Não apenas havia os Mistérios de Osíris, no tempo em que os mitos ligados ao deus eram ensaiados, como também rituais de grupo para a invocação de Ísis, Hathor, Amon e Pasht e outros deuses eram celebrados sem referência a qualquer indivíduo humano cuja relação com eles fosse aquela de um avatar. Na missa católica a vida e o ministério divinos do Filho do Deus cristão são celebrados, em seguida a crucificação de seu salvador, e sua ressurreição final em glória seguida da assunção aos céus. Em épocas mais antigas, esta celebração da missa era acompanhada por procissões deslumbrantes e cortejos dos mistérios cheios de suntuosidade, esplendor e pompa, embora se deva confessar que na ausência da técnica mágica toda essa ostentação externa contava muito pouco. O Terceiro Grau dos maçons dramatiza o assassinato do Mestre, Hiram Abiff, e sua ressurreição se segue posteriormente por um ato mágico, o soar da palavra mágica perdida devolvendo H. A. à vida .

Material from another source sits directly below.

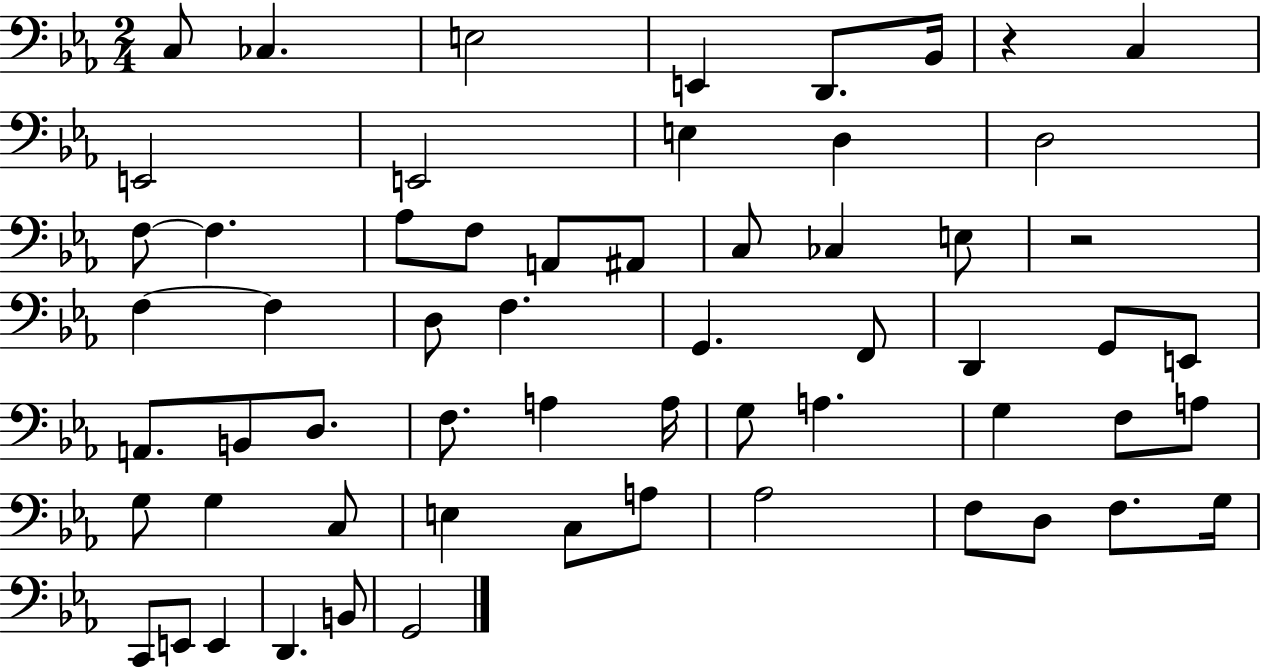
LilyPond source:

Os eventos, ricos em movimento, realização e organização na vida do lendário fundador da Ordem Rosacruz, Christian Rosenkreutz, também o símbolo de Jesus, o Filho de Deus, são totalmente dramatizados com grande beleza no ritual de Adeptus Minor da Ordem da Golden Dawn. Sua finalidade, também, é que através da simpatia atuando sobre uma imaginação refinada, o teurgo possa identificar a si mesmo com a consciência exemplar da qual Rosenkreutz era o símbolo, e cuja história está sendo repetida ante ele. Numa cena, a mais importante e eloqüente desse ritual, o principal oficiante hierofântico é visto deitado como se estivesse morto no pastos ou túmulo místico. Por meio de orações e invocações, o Adepto é simbolicamente ressuscitado da tumba em cumprimento da profecia da grande fundador. Na hora solene da ressurreição, quando a cerimônia revela a ressurreição do Adepto como Christian Rosenkreutz do pastos onde ele estava enterrado, o Adepto Maior profere triunfalmente: “Pois sei que meu redentor vive e que ele se postará no derradeiro dia sobre a Terra. Eu sou o caminho, a verdade e a vida; ninguém virá ao Pai a não ser por mim. Eu sou o purificado; eu atravessei os Portais das Trevas para a Luz; lutei sobre a Terra pelo bem; findei minha obra; eu adentrei o invisível. Eu sou o Sol no seu nascer. Eu passei através da hora nublada e noturna. Eu sou Amon, o Oculto, aquele que abre o dia. Eu sou Osíris Onnophris, o Justificado. Eu sou o Senhor da Vida que triunfa sobre a Morte; não há nenhuma parte de mim que não pertença aos deuses. Eu sou o preparador da senda e aquele que resgata para o interior da Luz. Que aquela Luz surja das Trevas! Antes eu era cego, mas agora vejo. Eu sou o reconciliador com o inefável. Eu sou o habitante do invisível. Que o brilho alvo do Espírito divino desça! Essa peã de êxtase não é para ser interpretada como um mero discurso de palavras grandiloqüentes. Se o Adepto realizou adequadamente sua obra mágica, e se encobriu perfeitamente com a forma mágica apropriada, e se identificou com a consciência do deus, os outros participantes da cerimônia experimentarão uma exaltação paralela ao discurso de triunfo .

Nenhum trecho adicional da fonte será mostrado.